Les explications confuses données par le tueur pour justifier son acte ne transparaissent d’ailleurs pas dans le film. Le déclic, aussi fascinant que morbide, qui pousse à assassiner froidement des inconnus ne se filme pas.
Nitram ne cherche pas à expliquer l’inconcevable imaginé par un esprit perturbé. Mais cette pudeur par rapport au massacre ne signifie pas pour autant refuser de donner un sens au drame. Bien au contraire.
Sidérant statu quo
En refusant de conclure son film avec un déchaînement de violence comme exutoire inéluctable à la folie du tueur, Justin Kurzel renvoie à la responsabilité collective de la société face à ces drames à répétitions. Car, que ce soit en Australie ou aux États-Unis, pays particulièrement touché par ce fléau, les massacres se suivent et se ressemblent.
À travers la tuerie de Port Arthur Nitram rappelle qu’une fois l’indignation passée, rien ne change. Cette inconscience collective au nom d’une liberté revendiquée comme essentielle par certains s’impose comme le sujet réel du film et donne le vertige.
La scène la plus marquante du film est la visite du jeune homme dans une armurerie où il se procure les armes avec une facilité déconcertante. Un accès libre aux armes qui nous renvoie, tel un miroir, l’obscénité du crime en pleine face et éclabousse les législateurs du sang des victimes.
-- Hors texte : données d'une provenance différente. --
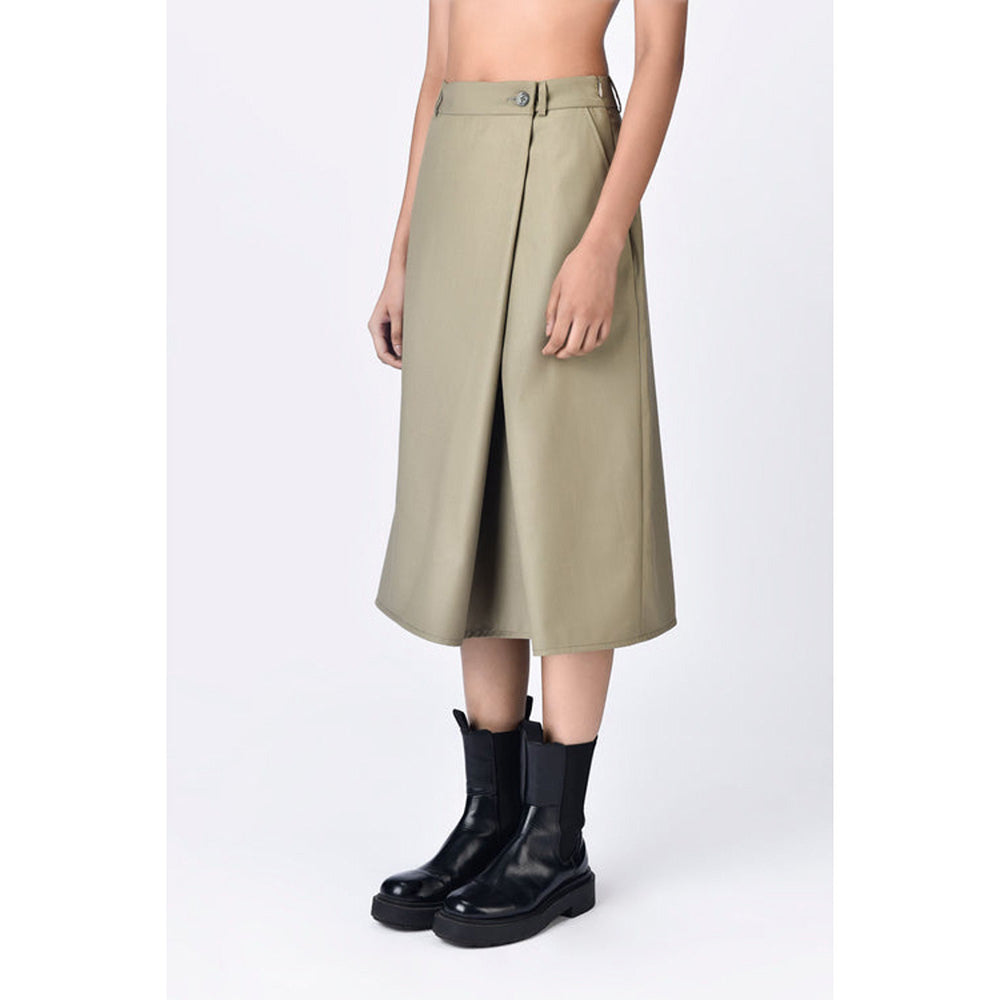 Genes Lecoanet Hemant Olive Wool Solid/Plain Midi Skirt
Portrait troublant d’une lente descente vers l’horreur, Nitram bénéficie d’un regard sobre et distancié sur un tueur d’une normalité terrifiante, subtilement interprété par Caleb Landry Jones. Débarrassé du voyeurisme lié au sujet, le film glisse vers une charge virulente contre une société qui endosse la monstruosité refusée au meurtrier, réduit à un triste pantin insignifiant.